▸ **Records provided**:
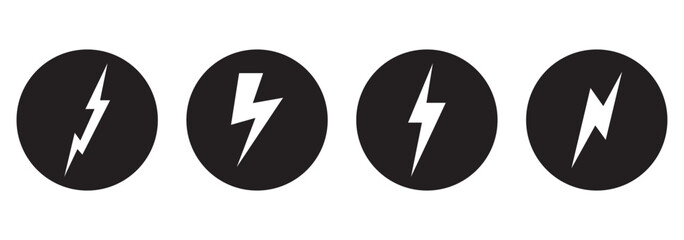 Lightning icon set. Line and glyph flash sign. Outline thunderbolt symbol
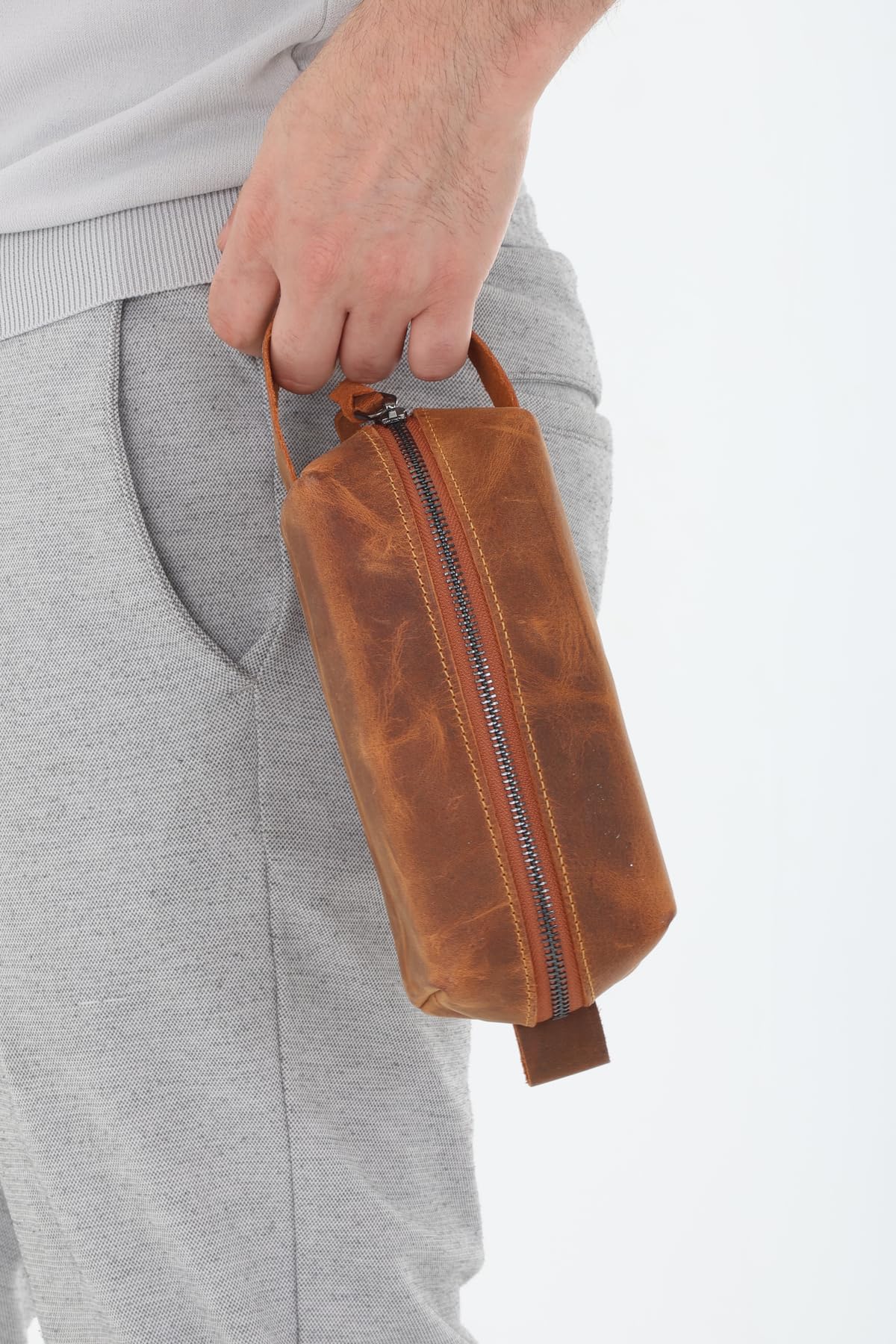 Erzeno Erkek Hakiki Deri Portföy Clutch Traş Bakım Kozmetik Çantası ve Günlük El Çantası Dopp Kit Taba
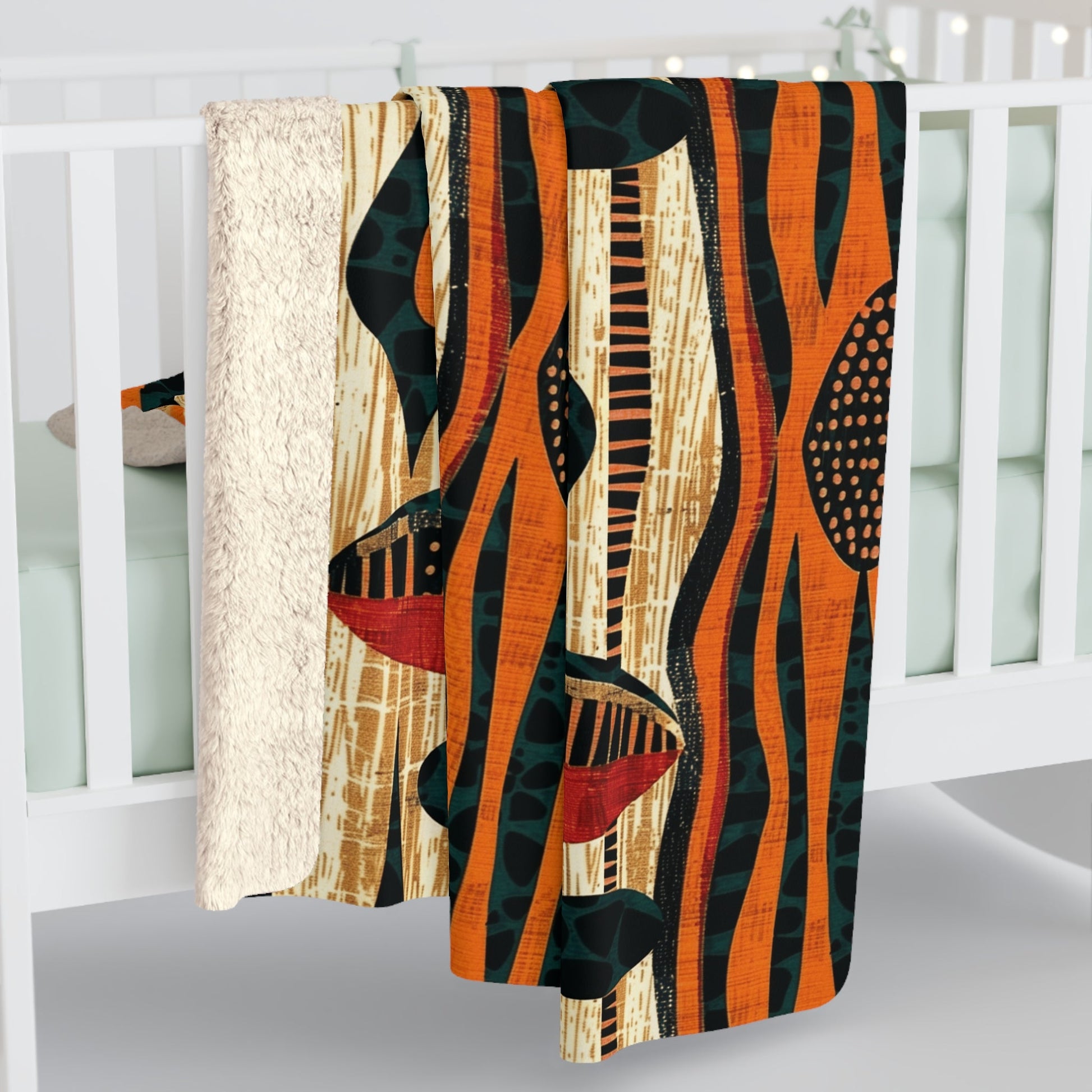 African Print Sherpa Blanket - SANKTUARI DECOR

---

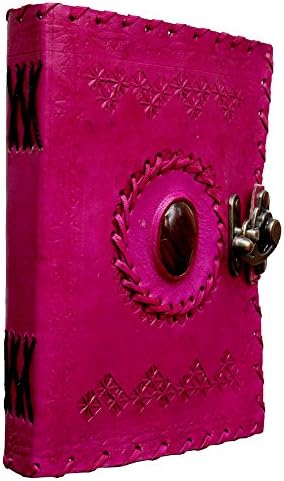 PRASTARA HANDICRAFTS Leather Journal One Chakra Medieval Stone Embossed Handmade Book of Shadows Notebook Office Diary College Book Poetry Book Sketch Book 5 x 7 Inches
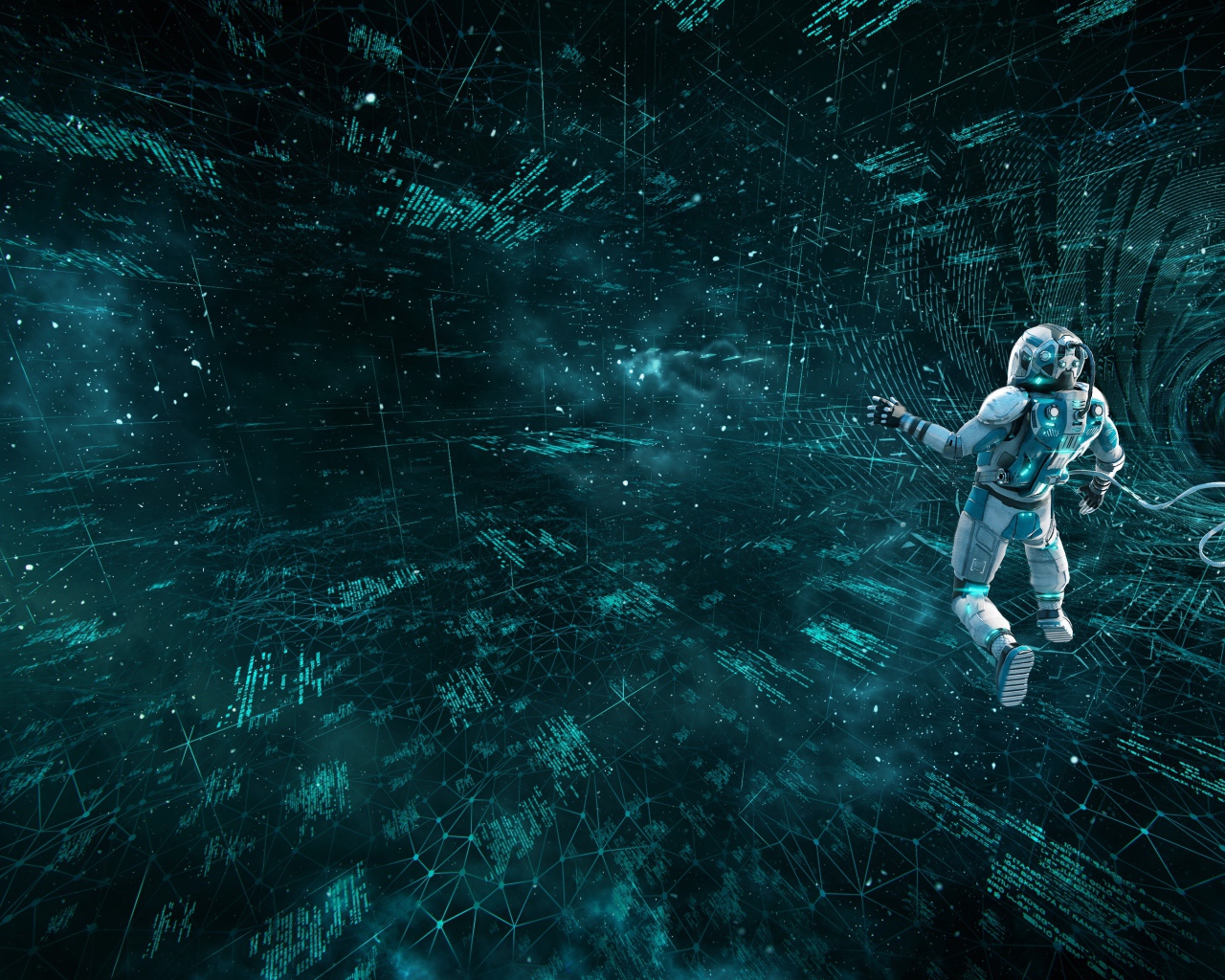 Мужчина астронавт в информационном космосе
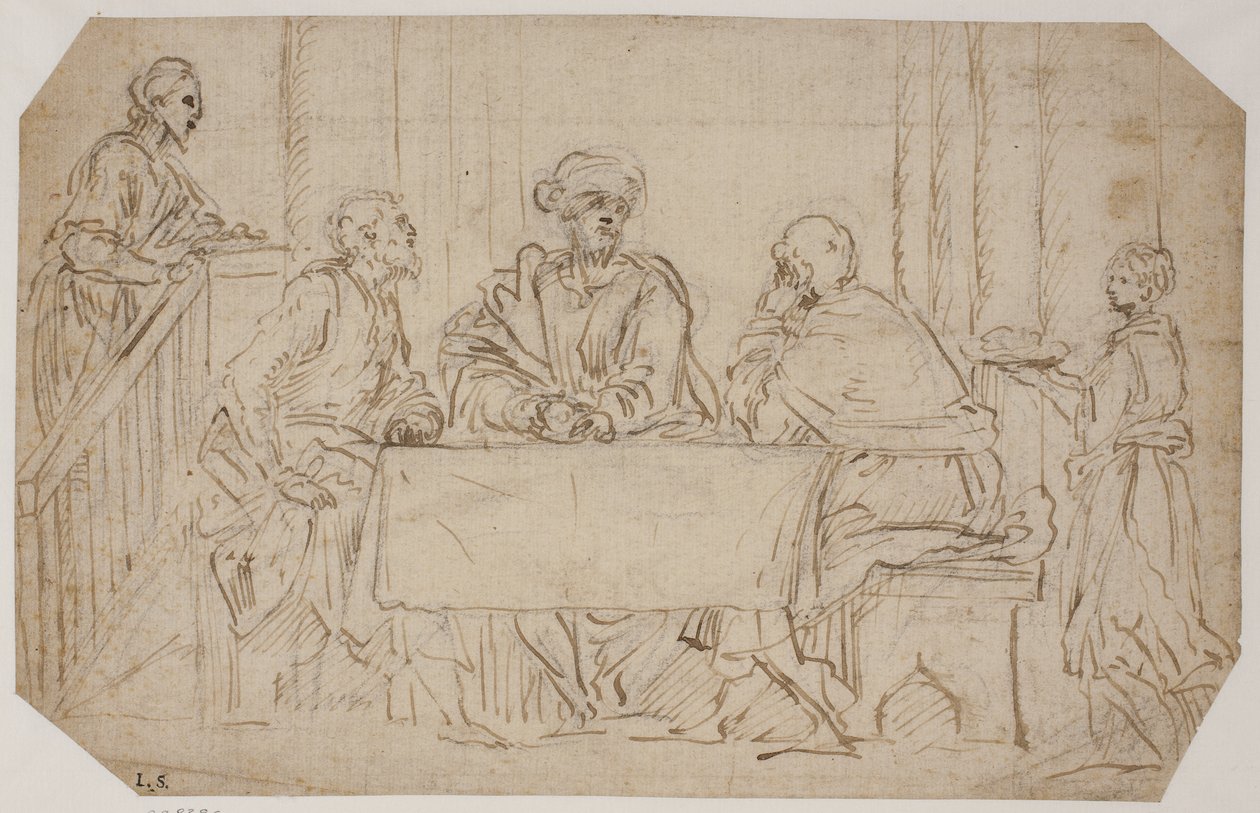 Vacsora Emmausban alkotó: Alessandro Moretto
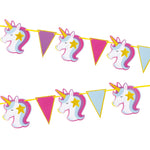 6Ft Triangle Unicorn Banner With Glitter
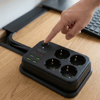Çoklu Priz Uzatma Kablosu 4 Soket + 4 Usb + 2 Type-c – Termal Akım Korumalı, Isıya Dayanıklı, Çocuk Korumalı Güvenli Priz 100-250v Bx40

▸ **Exercise requirements**:
Give back exactly, and solely, the section of the data above bounded by the line containing "6Ft Triangle Unicorn Banner With Glitter" and the line containing "Çoklu Priz Uzatma", both bounding lines included and pictures omitted.

▸ **Result of the task**:
 6Ft Triangle Unicorn Banner With Glitter
Çoklu Priz Uzatma Kablosu 4 Soket + 4 Usb + 2 Type-c – Termal Akım Korumalı, Isıya Dayanıklı, Çocuk Korumalı Güvenli Priz 100-250v Bx40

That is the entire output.